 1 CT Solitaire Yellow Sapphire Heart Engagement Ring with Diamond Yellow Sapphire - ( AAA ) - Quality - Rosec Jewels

---

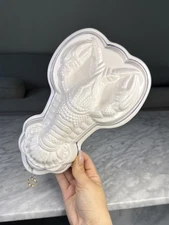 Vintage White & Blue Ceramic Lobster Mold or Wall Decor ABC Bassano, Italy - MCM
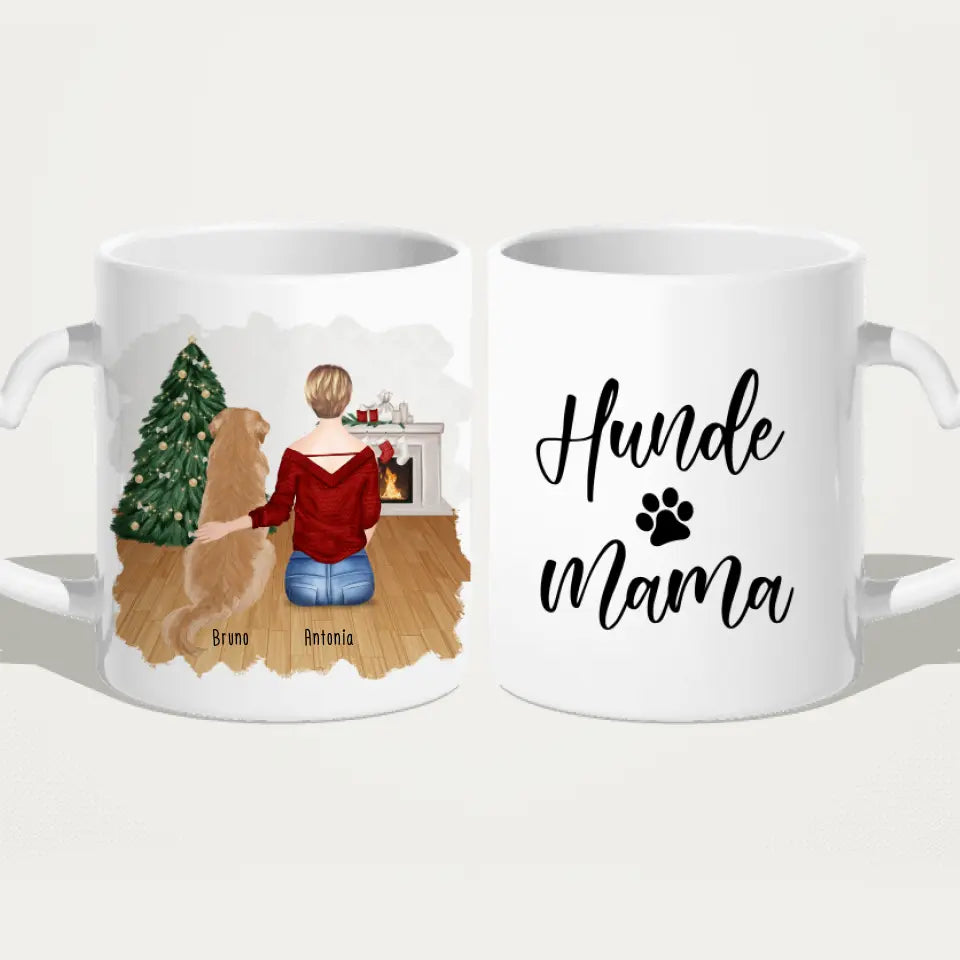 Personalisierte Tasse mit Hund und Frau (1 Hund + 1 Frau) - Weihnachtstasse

---

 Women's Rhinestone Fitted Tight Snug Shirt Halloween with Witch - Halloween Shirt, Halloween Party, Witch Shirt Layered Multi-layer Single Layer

• **PROBLEM**:
In the entries above, find the line with "Vintage White &" and the line with "Personalisierte Tasse mit". Write out exactly those two lines and every line between them, pictures excluded.

• **RESULT OF THIS TASK**:
 Vintage White & Blue Ceramic Lobster Mold or Wall Decor ABC Bassano, Italy - MCM
 Personalisierte Tasse mit Hund und Frau (1 Hund + 1 Frau) - Weihnachtstasse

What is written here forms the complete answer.